Question

An electron is confined to move in a one-dimensional box of length 1˚ A. Its energy in the first excited state is approximately

• A. 150.4 eV
• B. 112.8 eV
• C. 37.6 eV
• D. 342.0 eV

Hint:

Energy in a box increases with n 2 and depends on the size of the box.

Answer 1

The Correct Option is A

To determine the energy of an electron in the first excited state (\( n = 2 \)) within a one-dimensional (1D) box of length \( L = 1 \, \text{Å} \), we use the quantum mechanical model for a particle in a box. The energy levels are quantized and given by the formula: \[ E_n = \frac{n^2 h^2}{8mL^2} \] where:

• \( E_n \): energy of the electron in the \( n^{\text{th}} \) state
• \( n \): principal quantum number (for the first excited state, \( n = 2 \))
• \( h \): Planck's constant (\( 6.626 \times 10^{-34} \, \text{J·s} \))
• \( m \): mass of the electron (\( 9.109 \times 10^{-31} \, \text{kg} \))
• \( L \): length of the box (\( 1 \, \text{Å} = 1 \times 10^{-10} \, \text{m} \))

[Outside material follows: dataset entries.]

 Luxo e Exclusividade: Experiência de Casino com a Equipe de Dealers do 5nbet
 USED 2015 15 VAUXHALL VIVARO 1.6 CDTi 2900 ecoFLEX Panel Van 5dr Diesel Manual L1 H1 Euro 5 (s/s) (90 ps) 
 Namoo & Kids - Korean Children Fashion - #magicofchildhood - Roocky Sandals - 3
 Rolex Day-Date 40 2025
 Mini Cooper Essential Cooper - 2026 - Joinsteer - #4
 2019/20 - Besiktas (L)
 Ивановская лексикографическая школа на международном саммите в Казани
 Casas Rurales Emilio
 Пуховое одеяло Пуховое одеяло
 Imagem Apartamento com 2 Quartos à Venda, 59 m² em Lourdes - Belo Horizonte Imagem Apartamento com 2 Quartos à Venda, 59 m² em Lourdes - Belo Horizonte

1. Substitute the known values into the equation:
   \[ E_2 = \frac{(2)^2 \times (6.626 \times 10^{-34} \, \text{J·s})^2}{8 \times (9.109 \times 10^{-31} \, \text{kg}) \times (1 \times 10^{-10} \, \text{m})^2} \]
2. Calculate the numerator:
   \[ (2)^2 = 4 \] \[ (6.626 \times 10^{-34})^2 = 4.392 \times 10^{-67} \, \text{J}^2 \cdot \text{s}^2 \] \[ \text{Numerator} = 4 \times 4.392 \times 10^{-67} = 1.757 \times 10^{-66} \, \text{J}^2 \cdot \text{s}^2 \]
3. Calculate the denominator:
   \[ 8 \times 9.109 \times 10^{-31} \times (1 \times 10^{-10})^2 = 8 \times 9.109 \times 10^{-31} \times 1 \times 10^{-20} \] \[ = 7.287 \times 10^{-50} \, \text{kg·m}^2 \]
4. Compute the energy \( E_2 \):
   \[ E_2 = \frac{1.757 \times 10^{-66}}{7.287 \times 10^{-50}} = 2.414 \times 10^{-17} \, \text{J} \]
5. Convert energy from joules to electron volts (1 eV = \( 1.602 \times 10^{-19} \, \text{J} \)):
   \[ E_2 = \frac{2.414 \times 10^{-17} \, \text{J}}{1.602 \times 10^{-19} \, \text{J/eV}} \approx 150.6 \, \text{eV} \]
6. Rounding to an appropriate number of significant figures:
   \[ E_2 \approx 150.4 \, \text{eV} \]

Therefore, the energy of the electron in the first excited state is approximately 150.4 eV.